One would imagine that the grandson of Kazakhstan’s most powerful man would have better places than Facebook to vent about bureaucratic headaches.
But 28-year-old Aisultan Nazarbayev, son of President Nursultan Nazarbayev’s eldest daughter, has raised eyebrows with a bizarre online tirade that has some wondering about his emotional wellbeing.
In his January 23 post on the social media website, he told a cryptic tale about his return home after “breaking out of captivity in a private Russian jail.” He offered no elaboration on the nature of this facility or why and by whom he was being kept there. All he offered was that his documents had been “stolen and destroyed” and that he had been placed in confinement by people that he trusted.
Now presumably back in Kazakhstan, the young Nazarbayev has apparently embarked on a mission to restore his documents. Kazakhs who have had to perform any such task in the notorious Civilian Service Centers – or TsON, to use their widely known Russian initials – will know what a nightmare chasing paperwork can be. Rather than falling back on his contacts, Aisultan has gone it alone, to his evident frustration.
“It is just hell what is going on in our state offices. They sent me from one office to another… And in every place they had no idea how to handle my situation,” he wrote.
Nazarbayev blamed the migration services and the Interior Ministry for his troubles, then added that while he found it shameful having to turn to his grandfather for assistance, he saw no other choice.
The presidential family is as a rule no-go territory for reporting and speculation, but that has not stopped the whispering about Aisultan Nazarbayev, whose mother Dariga Nazarbayeva is a high-ranking senator and is sometimes spoken of as a potential presidential successor.
Aisultan caused particular sensation when he resurfaced in the public eye in December after a yearlong disappearance. Again writing on Facebook, he spoke elliptically about having once again achieved freedom thanks to the assistance of Russian law enforcement authorities. What exactly that meant or where Aisultan had been all that time is quite the mystery, although gossipers have devised their own theories.

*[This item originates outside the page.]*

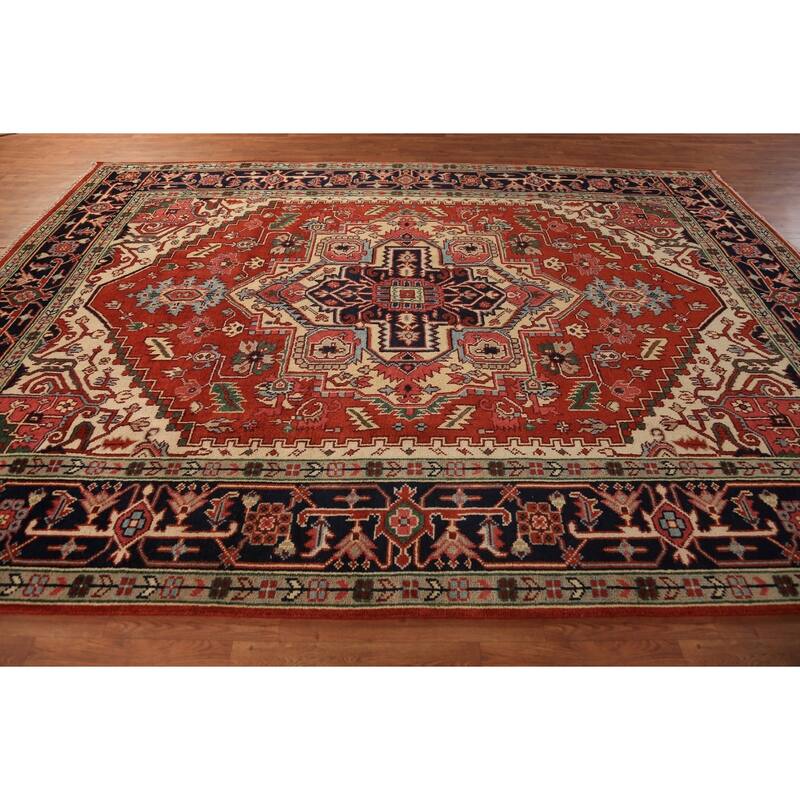 Geometric Heriz Serapi Indian Area Rug Hand-Knotted Wool Carpet - 8'11"x 11'7"
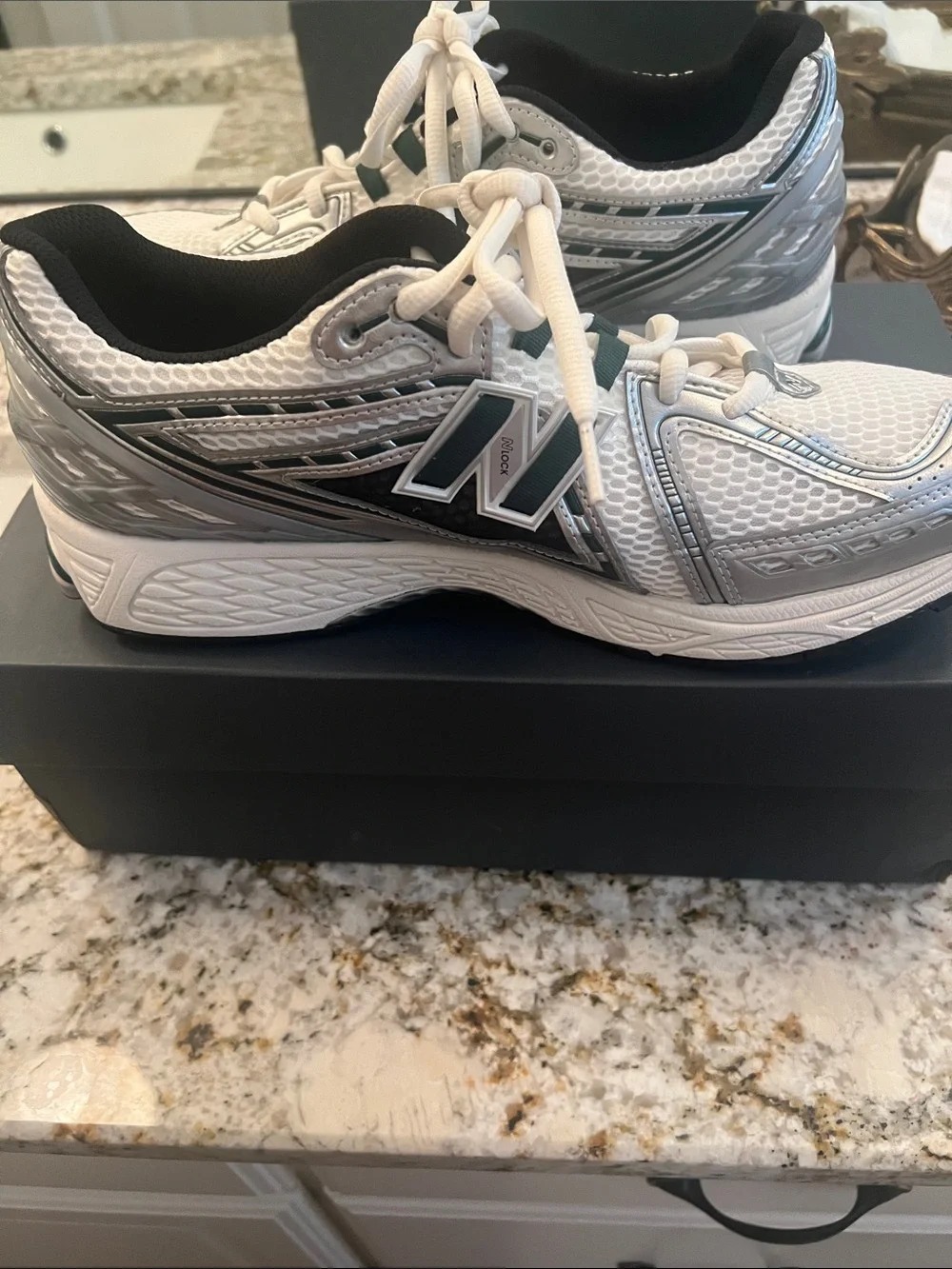 New Balance Kids White & Silver Mesh Running Sneakers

An opposition-run YouTube channel Base created by exiled opposition couple Aidos and Natalia Sadykov claimed in a video uploaded in September that President Nazarbayev had intervened personally to send Aisultan to a drug rehab clinic in Switzerland.
The allegation could not immediately be verified and Aisultan has made no specific public assertions to support it. But in September 2017, he did write candidly in a Facebook post that he had in the past dabbled with narcotics and thanked his grandfather for helping him get over his addictions. Aisultan then vanished.
Aisultan’s online activities have also caused President Nazarbayev political headaches. At the start of 2017, he accused close associates of the president – billionaire businessman Bulat Utemuratov, ambassador to Russia Imangali Tasmagambetov, National Bank chairman Daniyar Akishev and the then-head of the presidential administration Adilbek Dzhaksybekov – of corruption.
The exiled opposition lapped that up with glee.
“The patience of [the president] snapped… Nazarbayev forbade his grandson from dabbling in politics and from using social media websites,” suggested the commentator on the Base video.